The AI cost trap: Why travel's big bet is getting expensive

 

Speaking at an aviation event recently, Riccardo Vittoria raised an issue that has long been simmering within the travel industry: the hidden costs of artificial intelligence (AI).

AI is being sold to the travel industry as a near-universal solution to lower costs, improve efficiency and delight customers. But as more companies move beyond tests and pilots into deployment, a murkier picture is emerging.

Vittoria, co-founder and CEO of AI platform Acai, said onstage at the Airline Distribution 2026 conference in March: “In servicing, AI can be a disruptor; in bookings, we need to see. I say that because agentic AI has a lot of cognitive power, it can do so much, it can do things better than humans lightning fast, but it’s still expensive."

Paying the innovation bill

At another recent event focusing on hospitality, tech leaders were equally honest.

"Whenever something is new, you're having to pay for the development of the person that created it," said William Connors, international retail systems manager at Starbucks, at Hospitality Tech360 in London

Many entrepreneurs also complain about “subscription creep,” where the cost of using an AI service rises over time, either to support growth or unlock new features. 

Alex Ragin, founder and CEO at software development company Zoftify, has seen this first-hand and draws a parallel with the trajectory of other cloud services.

"As your app grows, as you get more users, you have to pay a huge premium on top for this kind of a convenience, rather than if you were to build it yourself," Ragin said.

Energy prices are also a factor, because at a basic level, the foundations of AI companies are built on tokens and computer processing, with data centers consuming vast amounts of electricity. More cost hikes are expected due to the situation in Iran, which is disrupting global energy markets.

Meanwhile, a report from Gartner predicts more than 40% of agentic AI projects will be canceled by the end of 2027 due to escalating costs. It also warns about so-called “agent washing.”

“Many solutions labeled as AI agents are actually extraction or classification tools or workflow automation with simple rules,” said Romy Abbrederis, CEO and co-founder of LobbyAI.

Cost and context

AI is being implemented across a range of applications, including to increase efficiency. But the travel industry is now asking, "What exactly does 'expensive' mean?" The answer depends on what you’re comparing AI to, and in what context. 

According to Acai’s Vittoria, the economics of AI vary dramatically depending on what you are replacing.

"When we are replacing human work, the unit economics are extremely effective," he told PhocusWire. "We can make AI-driven solutions that can cost a twentieth of a human depending on where the human is based."

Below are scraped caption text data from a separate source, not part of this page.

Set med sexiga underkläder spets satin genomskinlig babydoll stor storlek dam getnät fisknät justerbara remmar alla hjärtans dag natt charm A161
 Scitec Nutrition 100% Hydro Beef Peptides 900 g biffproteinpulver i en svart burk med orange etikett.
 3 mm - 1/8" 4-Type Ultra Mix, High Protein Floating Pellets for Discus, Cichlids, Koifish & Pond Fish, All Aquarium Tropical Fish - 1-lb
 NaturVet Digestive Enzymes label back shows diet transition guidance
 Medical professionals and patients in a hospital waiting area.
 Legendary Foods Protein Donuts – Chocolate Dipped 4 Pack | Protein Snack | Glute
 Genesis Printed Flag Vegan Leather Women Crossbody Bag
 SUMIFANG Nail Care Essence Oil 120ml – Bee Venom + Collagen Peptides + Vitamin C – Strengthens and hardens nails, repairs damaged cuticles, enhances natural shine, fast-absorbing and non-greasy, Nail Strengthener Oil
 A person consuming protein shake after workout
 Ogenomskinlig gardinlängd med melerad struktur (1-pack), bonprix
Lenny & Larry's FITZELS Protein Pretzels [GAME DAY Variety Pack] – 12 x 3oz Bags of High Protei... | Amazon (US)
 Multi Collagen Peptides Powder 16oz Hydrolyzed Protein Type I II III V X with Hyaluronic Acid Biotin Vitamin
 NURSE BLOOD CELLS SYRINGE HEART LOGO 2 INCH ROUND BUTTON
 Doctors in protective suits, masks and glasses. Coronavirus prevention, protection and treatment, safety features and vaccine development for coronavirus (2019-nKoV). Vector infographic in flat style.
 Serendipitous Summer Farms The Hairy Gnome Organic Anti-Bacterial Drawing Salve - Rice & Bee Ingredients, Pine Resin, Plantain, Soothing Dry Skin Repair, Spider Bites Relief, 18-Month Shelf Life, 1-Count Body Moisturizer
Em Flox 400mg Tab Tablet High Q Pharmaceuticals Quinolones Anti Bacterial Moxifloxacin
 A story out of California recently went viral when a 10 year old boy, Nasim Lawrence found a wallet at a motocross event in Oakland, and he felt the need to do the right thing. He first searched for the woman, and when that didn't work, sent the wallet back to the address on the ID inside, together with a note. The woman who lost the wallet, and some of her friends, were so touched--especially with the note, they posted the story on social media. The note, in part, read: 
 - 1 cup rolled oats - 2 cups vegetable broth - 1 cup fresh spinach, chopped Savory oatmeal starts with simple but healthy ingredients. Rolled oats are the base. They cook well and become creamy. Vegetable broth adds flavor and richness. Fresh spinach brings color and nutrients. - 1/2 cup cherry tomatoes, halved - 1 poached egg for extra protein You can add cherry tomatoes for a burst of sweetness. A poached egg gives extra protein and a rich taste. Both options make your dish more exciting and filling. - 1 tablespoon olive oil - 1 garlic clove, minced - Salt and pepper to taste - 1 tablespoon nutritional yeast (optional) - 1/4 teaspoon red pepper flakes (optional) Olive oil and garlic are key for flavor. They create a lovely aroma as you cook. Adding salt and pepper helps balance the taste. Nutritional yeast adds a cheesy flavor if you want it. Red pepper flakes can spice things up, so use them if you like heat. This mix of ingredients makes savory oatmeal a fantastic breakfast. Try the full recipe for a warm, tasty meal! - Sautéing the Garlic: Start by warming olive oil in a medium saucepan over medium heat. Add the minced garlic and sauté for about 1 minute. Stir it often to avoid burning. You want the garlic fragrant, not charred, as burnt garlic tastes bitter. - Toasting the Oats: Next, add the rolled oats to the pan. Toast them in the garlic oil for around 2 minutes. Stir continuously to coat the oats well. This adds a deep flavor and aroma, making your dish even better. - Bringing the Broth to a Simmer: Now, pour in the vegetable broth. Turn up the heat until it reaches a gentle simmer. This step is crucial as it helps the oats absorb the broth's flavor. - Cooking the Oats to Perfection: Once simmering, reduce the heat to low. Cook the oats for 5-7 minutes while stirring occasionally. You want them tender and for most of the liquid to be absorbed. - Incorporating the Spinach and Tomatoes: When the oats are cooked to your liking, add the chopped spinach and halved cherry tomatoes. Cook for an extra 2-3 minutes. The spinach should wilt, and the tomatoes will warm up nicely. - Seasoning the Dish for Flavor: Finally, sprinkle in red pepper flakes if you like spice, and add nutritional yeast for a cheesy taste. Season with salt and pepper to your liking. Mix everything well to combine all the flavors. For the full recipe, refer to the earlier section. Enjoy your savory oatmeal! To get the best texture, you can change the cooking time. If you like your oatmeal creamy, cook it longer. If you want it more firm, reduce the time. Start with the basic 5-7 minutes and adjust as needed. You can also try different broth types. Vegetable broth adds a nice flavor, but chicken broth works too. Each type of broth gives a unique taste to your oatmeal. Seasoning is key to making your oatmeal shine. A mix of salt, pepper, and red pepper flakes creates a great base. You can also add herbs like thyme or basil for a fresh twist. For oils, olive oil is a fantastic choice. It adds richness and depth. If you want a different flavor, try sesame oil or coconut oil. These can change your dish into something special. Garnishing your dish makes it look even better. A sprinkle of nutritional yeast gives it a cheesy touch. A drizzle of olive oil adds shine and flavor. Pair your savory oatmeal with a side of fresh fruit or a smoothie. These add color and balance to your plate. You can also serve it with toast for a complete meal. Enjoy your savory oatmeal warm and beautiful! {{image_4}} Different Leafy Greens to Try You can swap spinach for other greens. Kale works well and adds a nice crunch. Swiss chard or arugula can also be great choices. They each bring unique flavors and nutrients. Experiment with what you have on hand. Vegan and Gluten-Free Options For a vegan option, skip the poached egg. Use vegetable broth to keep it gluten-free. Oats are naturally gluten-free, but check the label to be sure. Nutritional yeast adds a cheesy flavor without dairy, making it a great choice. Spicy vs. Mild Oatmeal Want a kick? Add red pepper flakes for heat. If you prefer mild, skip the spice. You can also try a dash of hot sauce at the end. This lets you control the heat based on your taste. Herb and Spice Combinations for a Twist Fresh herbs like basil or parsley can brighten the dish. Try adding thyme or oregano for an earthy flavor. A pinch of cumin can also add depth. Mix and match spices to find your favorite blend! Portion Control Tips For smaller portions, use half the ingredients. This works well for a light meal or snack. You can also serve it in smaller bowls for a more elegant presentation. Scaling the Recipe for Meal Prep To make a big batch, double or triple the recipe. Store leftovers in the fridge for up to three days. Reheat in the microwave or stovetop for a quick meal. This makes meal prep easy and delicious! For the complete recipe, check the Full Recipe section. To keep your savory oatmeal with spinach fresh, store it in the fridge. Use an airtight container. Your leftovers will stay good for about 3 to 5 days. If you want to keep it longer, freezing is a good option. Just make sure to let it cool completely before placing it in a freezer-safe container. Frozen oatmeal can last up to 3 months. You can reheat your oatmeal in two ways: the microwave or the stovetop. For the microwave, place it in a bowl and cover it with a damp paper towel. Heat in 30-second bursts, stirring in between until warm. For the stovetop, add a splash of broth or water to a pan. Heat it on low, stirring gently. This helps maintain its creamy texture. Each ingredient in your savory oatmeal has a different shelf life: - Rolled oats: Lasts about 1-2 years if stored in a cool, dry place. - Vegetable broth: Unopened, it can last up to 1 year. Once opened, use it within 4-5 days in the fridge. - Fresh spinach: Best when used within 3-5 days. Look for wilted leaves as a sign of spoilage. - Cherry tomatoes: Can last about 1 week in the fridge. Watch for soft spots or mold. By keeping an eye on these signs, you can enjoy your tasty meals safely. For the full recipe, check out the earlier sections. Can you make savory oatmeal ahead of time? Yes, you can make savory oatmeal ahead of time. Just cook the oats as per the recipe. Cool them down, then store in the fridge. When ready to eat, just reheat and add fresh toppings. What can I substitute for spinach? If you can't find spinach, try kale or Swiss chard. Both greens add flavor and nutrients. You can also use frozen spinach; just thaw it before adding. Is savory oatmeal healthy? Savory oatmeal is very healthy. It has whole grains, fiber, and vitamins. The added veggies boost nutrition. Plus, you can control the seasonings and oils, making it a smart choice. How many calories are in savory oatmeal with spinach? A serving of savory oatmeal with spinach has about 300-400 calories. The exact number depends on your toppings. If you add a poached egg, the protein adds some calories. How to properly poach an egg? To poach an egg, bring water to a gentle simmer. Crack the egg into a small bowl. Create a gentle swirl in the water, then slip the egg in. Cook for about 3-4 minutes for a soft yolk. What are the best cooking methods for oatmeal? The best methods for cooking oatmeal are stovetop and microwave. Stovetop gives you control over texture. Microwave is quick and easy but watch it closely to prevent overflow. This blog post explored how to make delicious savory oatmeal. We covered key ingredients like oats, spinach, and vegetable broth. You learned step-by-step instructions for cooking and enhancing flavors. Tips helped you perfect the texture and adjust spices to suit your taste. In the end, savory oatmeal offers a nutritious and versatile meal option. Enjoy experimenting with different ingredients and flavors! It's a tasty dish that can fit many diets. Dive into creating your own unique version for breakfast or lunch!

Acai focuses on post-booking scenarios, such as flight changes, cancellations and disruptions. Deploying a human agent to handle a complex rebooking might cost $30 to $50; an AI-powered equivalent can handle the same task for a few dollars, Vittoria said.

But the math changes when AI is used to replace what Vittoria calls “deterministic technology,” or the established tech systems that underpin (for now) much of the travel industry’s booking infrastructure. 

"The cost is always higher and sometimes too high," he said. His concern is that airlines, TMCs and OTAs are rushing to build agentic booking experiences without understanding the unit economics.

An AI agent handling a new booking through a call center interface could cost anywhere from 80 cents for a simple transaction to $10 if it involves complex back-and-forth with a GDS, Vittoria continued. Compare that to the same ticket made via an online booking tool: "Operating that new booking on the OBT [online booking tool] is a few cents; operating on the agent layer is a few dollars," Vittoria said.

Procurement insights

Accommodation platform HRS has been running the numbers too. 

“It's not free, for sure,” said chief product officer Martin Biermann

HRS has invested in AI over the past couple of years, launching its AI-powered Copilot platform to help businesses manage their corporate lodging and meetings programs. Biermann said that even if clients do not take advantage of AI, the company still has running costs. 

“You have your license costs for infrastructure, for running RFPs, for contracting, for auditing. You have a lot of people globally deployed to that. You have regional travel managers, local travel managers. You have procurement folks,” he said. “When we say what is the cost of AI, we need to put this into context of what kind of work you are trying to achieve.”

Where Biermann sees the biggest gains is speed, mostly by running 30 to 50 additional AI-driven optimization cycles per year, covering rate caps, policy calibration and expense data scanning. AI generates an additional 10% yield, he said. 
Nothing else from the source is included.